I thought that was pretty cool scene. I also like the world building element of the fact that the Martian civilization uses these holographic projections of newspapers. And whatever is, I guess, messages need to be communicated in a similar fashion that we saw in "Fortune from the Sky".  

JM:  

Yeah, I thought of that, too.  

Nate:  

And instead of here, they're using it for like actual useful information.  

JM:  

And the paparazzi are gone into a little bit more next story. The rich and upper class have interesting methods of avoiding them.  

Nate:  

Yeah. But I mean, it's one thing where I guess the professor and his assistant are able to presumably learn so much about Martian culture is, I guess, they somehow deciphered the Martian language and can read about the newspaper events that are happening as the panic is unfolding and what the Martians are actually doing to maintain control, and order of the society, even though it all kind of collapses and falls apart into total chaos. Yeah, it's an interesting subtle touch that he doesn't really dwell too much upon, even though the holographic newspapers are, I think, mentioned in all three stories.  

Gretchen:  

Yeah, they are mentioned at the beginning of "Two Worlds".  

Nate:  

Yeah.  

Gretchen:  

I believe they are.
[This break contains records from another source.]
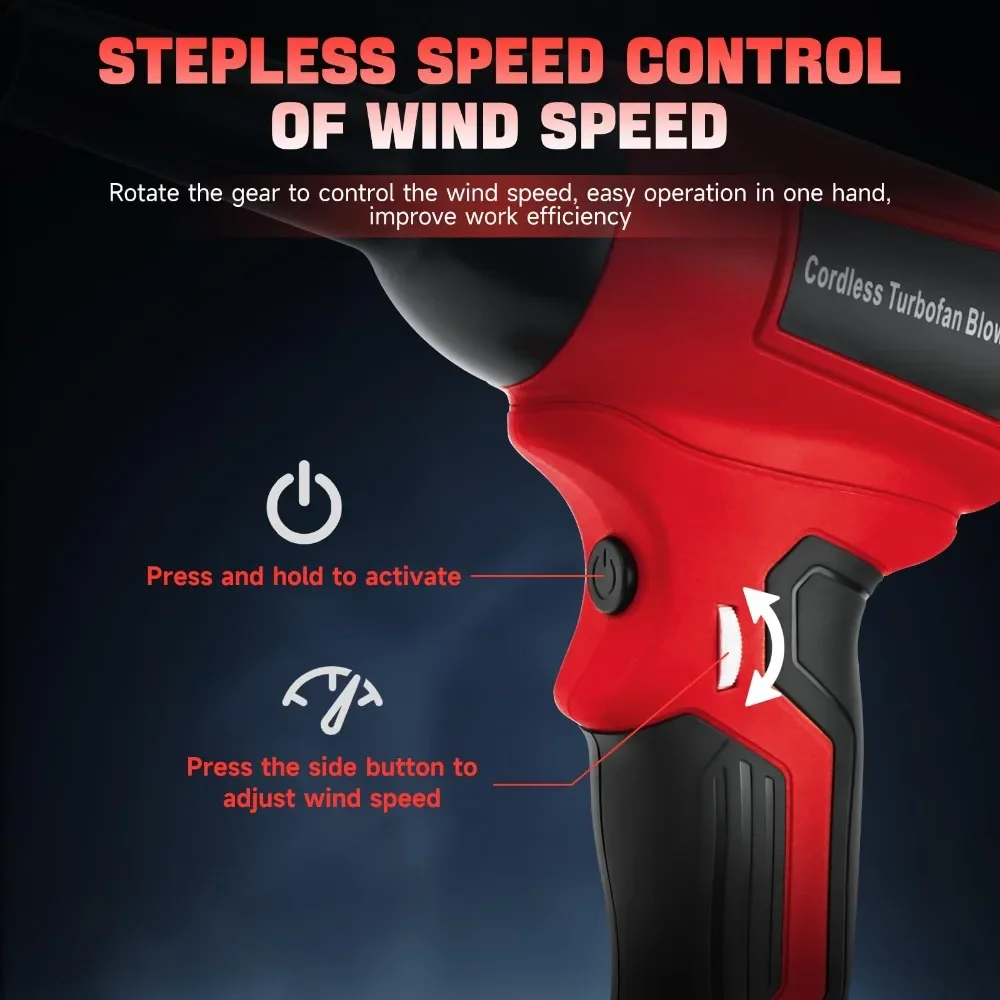 Электрический беспроводной тур – обзор и цена Leaf Blower Cordless
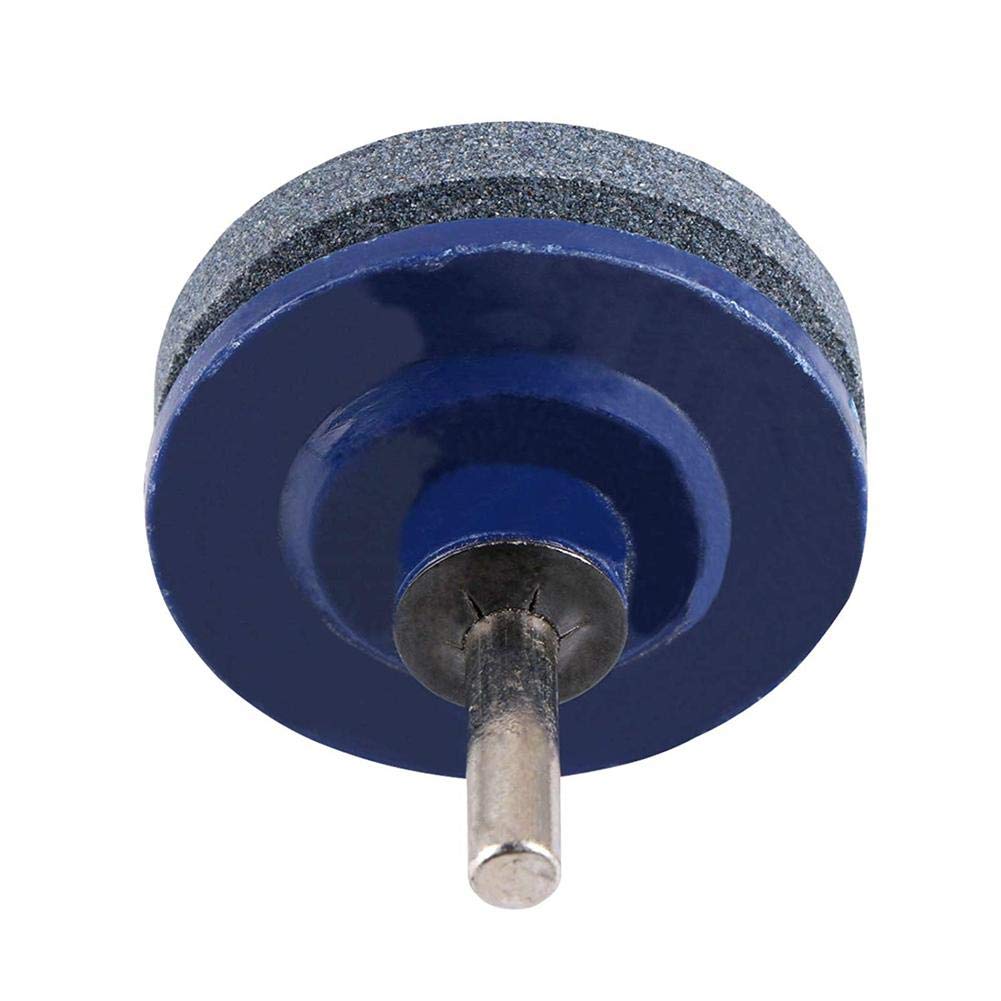 Universal Lawn Mower Blade Sharpener - Rotary Drill Attachment for Fast & Easy Sharpening | Garden Tool Maintenance for Professional & DIY Use
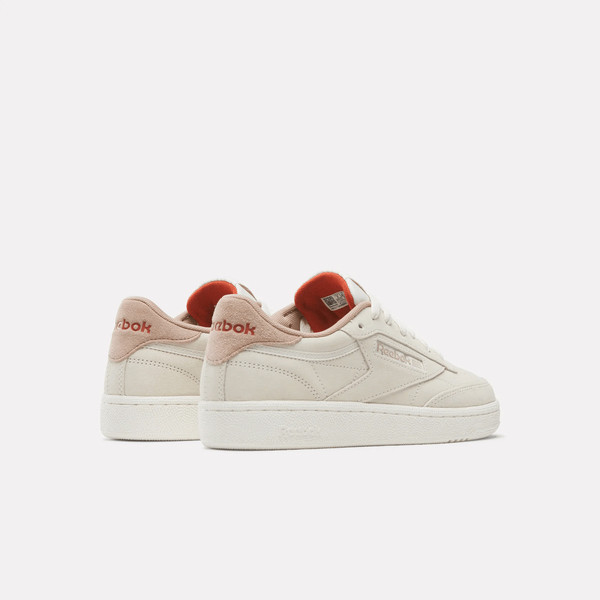 Kixpress-Reebok Club C 85 女 休閒鞋 經典 復古 網球鞋 簡約 穿搭 米 [100208987], , large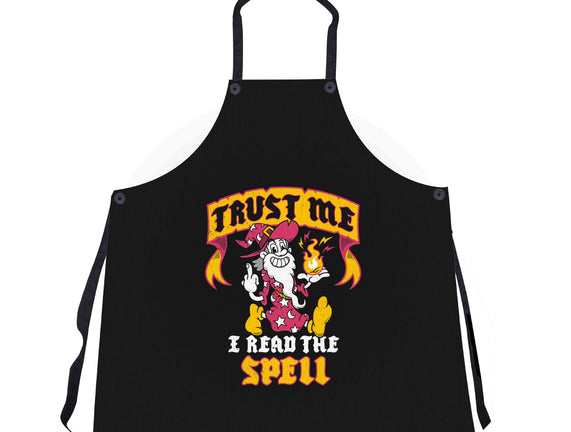 Trust Me I Read The Spell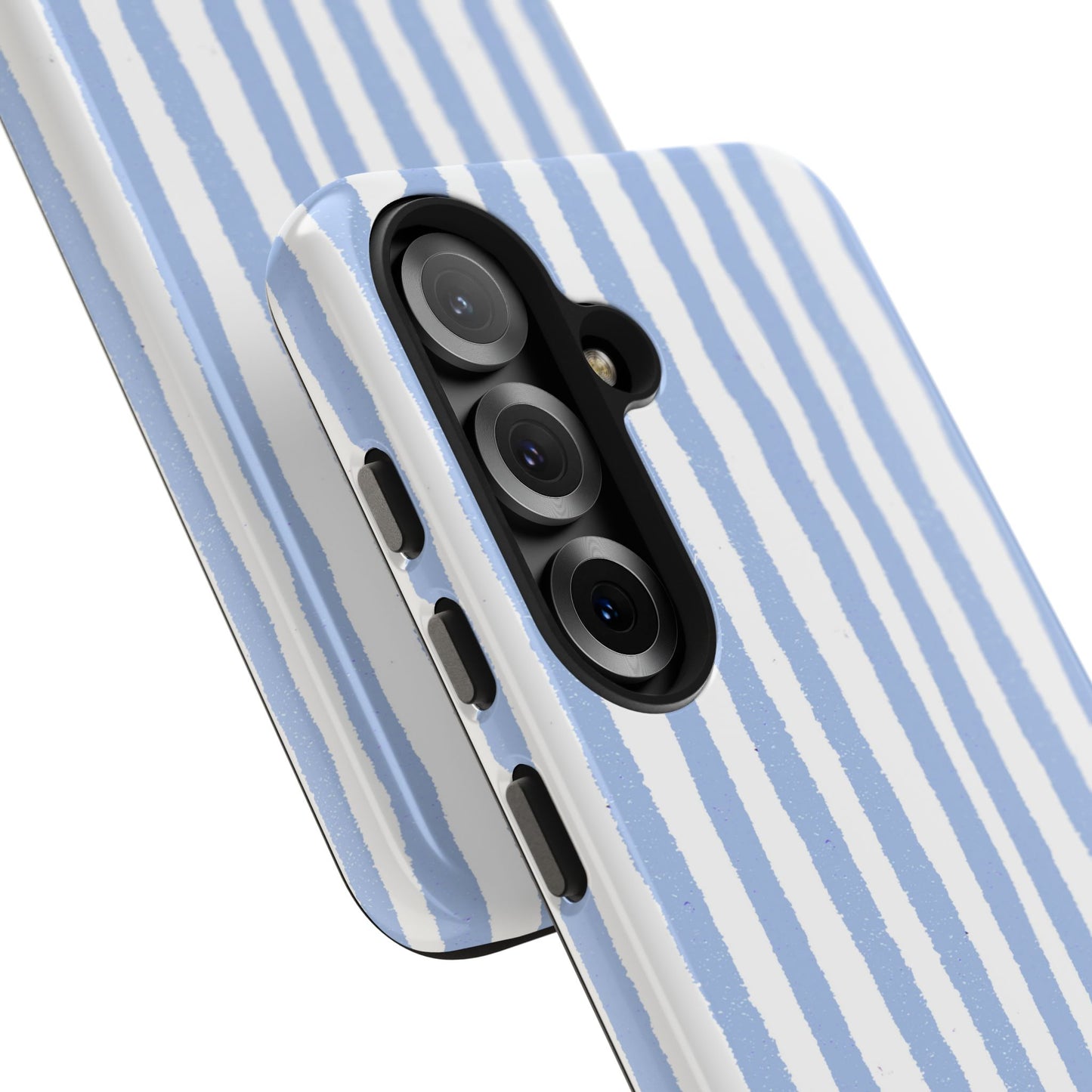 Stout Stripes Blue Phone Case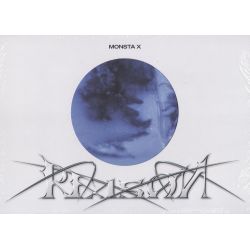 MONSTA X - REASON (PHOTOBOOK + CD) - VER. 3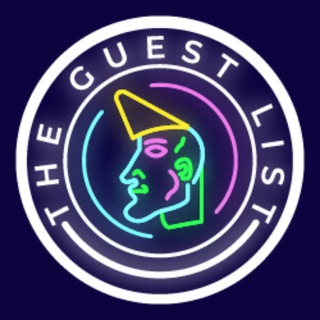 Логотип канала theguestlisttgl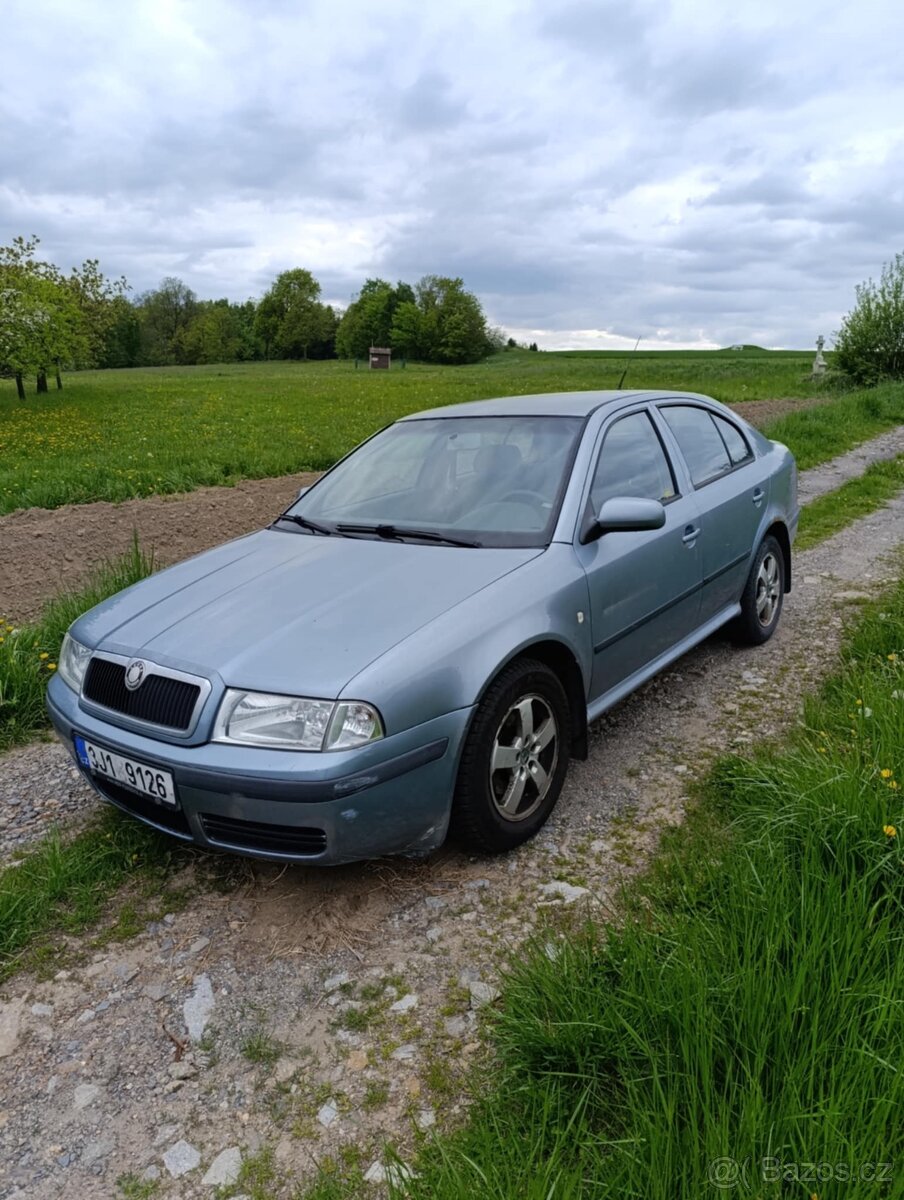 Škoda Octavia sedan 1,9tdi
I can't remember exactly where in the third, but I'm sure they're mentioned there as well.  

Nate:  

Yeah.  

Gretchen:  

Yeah, I'm surprised that they didn't mention anything about some of the future characters using them as advertisements.  

Nate:  

Yeah, I know. I guess that has not entered the Soviet mind.  

JM:  

Yeah.  

Nate:  

Selling things and making a profit doesn't seem like something that the Communist Party would be too interested in.  

JM:  

No, no, no, not at all.  

So somehow the Martians' communication rays are lethal to humans?  

Nate:  

Yeah, so I think they have two kinds of beams, like a communication ray and a weapon.  

Gretchen:  

Yeah, because they attacked the squadron that was coming from the moon. I think to prevent more refugees from coming. And I think one of those, those are the rays that hit the professor.  

Nate:  

Yeah, and it's interesting, shaky science, because I don't know if he's implying that it was just like a real lucky freak shot, that this accidental beam happened to hit the exact observatory where they were standing, or if he's meaning to imply that the telescope somehow refracted the rays onto him and that you need like a protective suit to shield yourself from the telescope amplifying harmful radiation.  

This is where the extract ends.